» Activity
Leaving out the pictures, write out exactly each line from the line with "this 1024×683 image." through the close of the listing below.

» Material to process
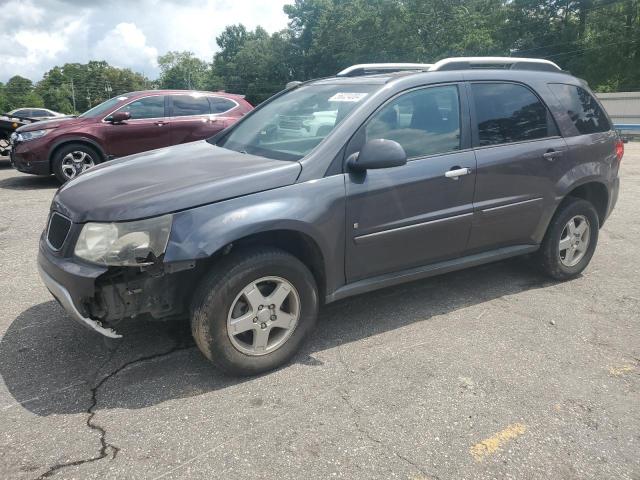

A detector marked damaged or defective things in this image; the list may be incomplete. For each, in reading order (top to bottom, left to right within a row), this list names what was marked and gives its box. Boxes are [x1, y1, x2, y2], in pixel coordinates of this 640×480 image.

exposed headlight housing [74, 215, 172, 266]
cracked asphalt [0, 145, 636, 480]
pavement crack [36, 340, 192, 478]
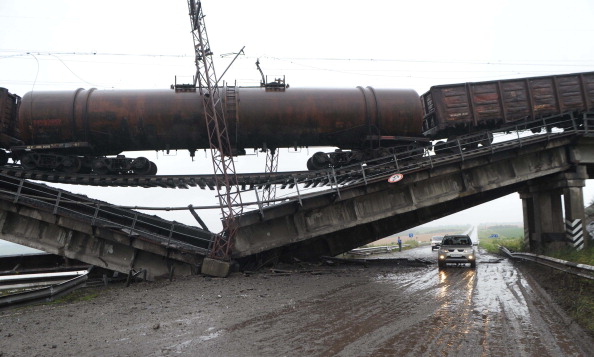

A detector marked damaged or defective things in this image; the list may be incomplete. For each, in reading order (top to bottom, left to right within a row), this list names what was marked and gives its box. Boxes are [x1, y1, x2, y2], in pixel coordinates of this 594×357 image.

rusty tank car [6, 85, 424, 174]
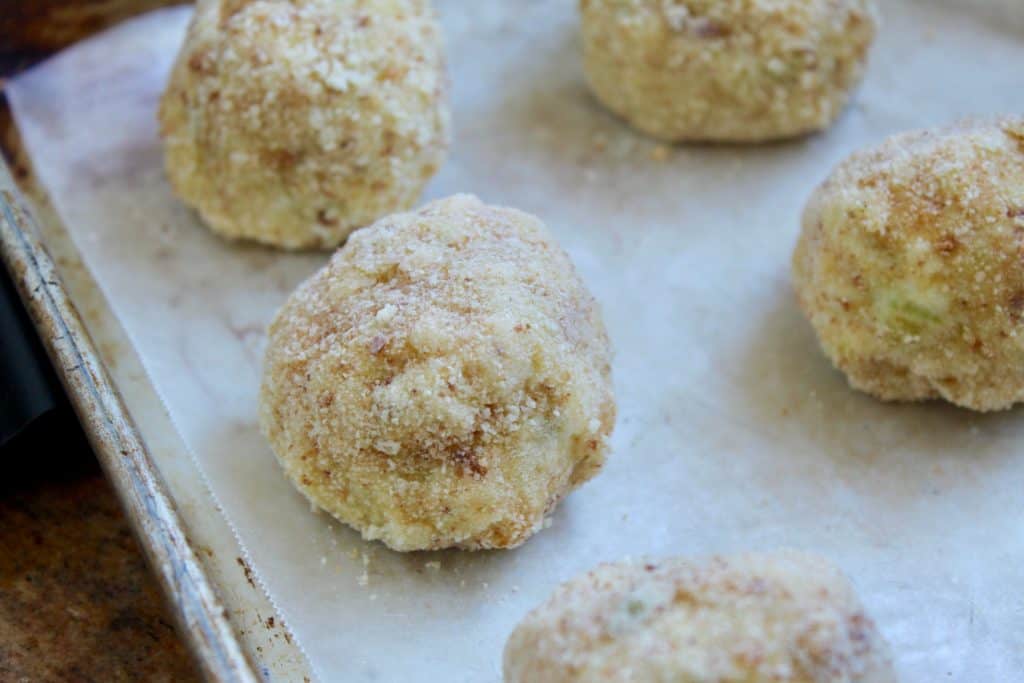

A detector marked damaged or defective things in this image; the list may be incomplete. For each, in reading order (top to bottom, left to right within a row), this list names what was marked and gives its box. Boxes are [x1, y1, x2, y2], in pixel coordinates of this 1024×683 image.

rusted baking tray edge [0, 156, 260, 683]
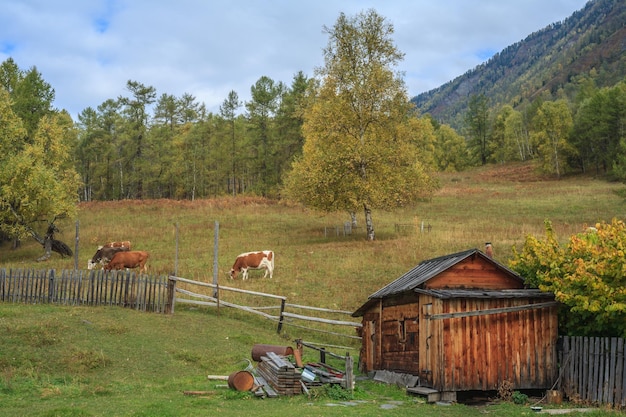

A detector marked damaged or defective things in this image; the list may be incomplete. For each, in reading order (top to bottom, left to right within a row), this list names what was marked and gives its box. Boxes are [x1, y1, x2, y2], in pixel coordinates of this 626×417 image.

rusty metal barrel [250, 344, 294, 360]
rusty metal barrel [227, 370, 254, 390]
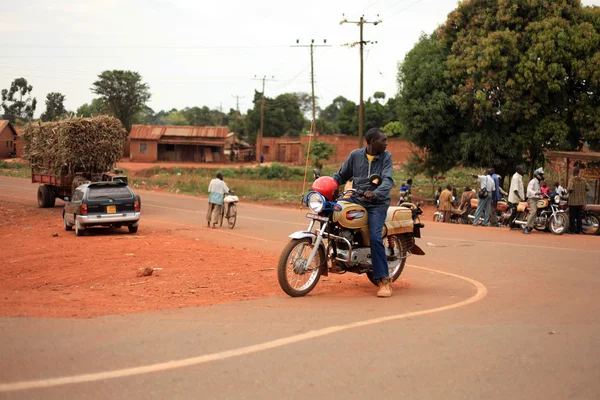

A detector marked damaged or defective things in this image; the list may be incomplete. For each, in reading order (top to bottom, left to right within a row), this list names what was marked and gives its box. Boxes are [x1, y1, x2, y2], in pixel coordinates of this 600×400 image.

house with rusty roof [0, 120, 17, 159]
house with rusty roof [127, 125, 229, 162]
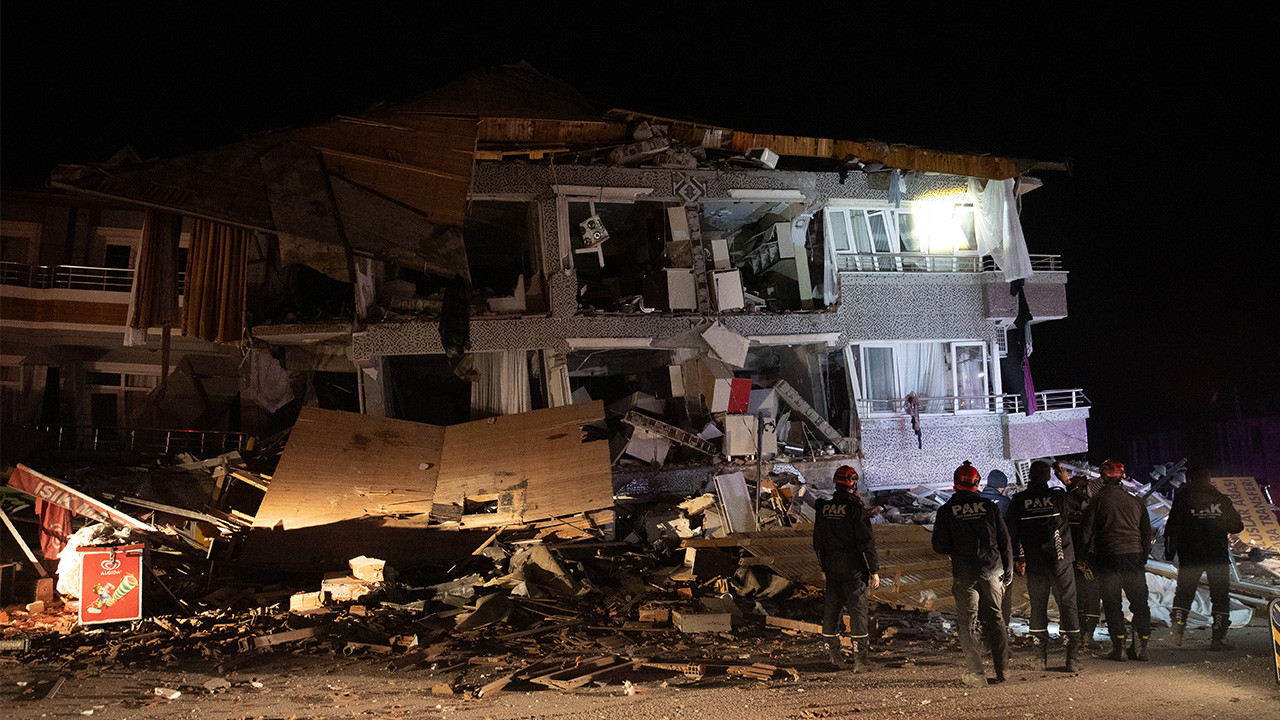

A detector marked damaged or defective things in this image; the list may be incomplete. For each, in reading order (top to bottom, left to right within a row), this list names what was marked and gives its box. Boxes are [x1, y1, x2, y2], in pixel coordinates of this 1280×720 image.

» Result for this exercise
A detector marked damaged or defective things in this image; the list may be incomplete. For each, in reading order (top to bottom, left to right within a row), this list names what was marked and gives its box. Boxes are [x1, y1, x2, y2], in pixel coordinates of this 1024×683 image.

rusted baking tray edge [0, 156, 260, 683]

A detector marked damaged or defective things in this image; the list may be incomplete. For each, in reading order (top to bottom, left to right within a row), this list names what was marked and gives its box. Boxes are [x1, y1, x2, y2], in pixel coordinates of this 626×417 image.

rusty metal barrel [250, 344, 294, 360]
rusty metal barrel [227, 370, 254, 390]

A detector marked damaged or defective things in this image; the list may be incomplete. For each, in reading order (top to bottom, left to right within a row), this list names what was marked and gives its box. Boxes are [x1, y1, x2, y2], in pixel coordinates of this 600×400 image.

house with rusty roof [0, 120, 17, 159]
house with rusty roof [127, 125, 229, 162]

A detector marked damaged or defective things in this image; the list may be incomplete. For each, in reading order (top to bottom, left to right within a row), this list names what was marked and gives its box. Boxes are [x1, y1, x2, y2], in pixel coordinates of this 1280×720 image.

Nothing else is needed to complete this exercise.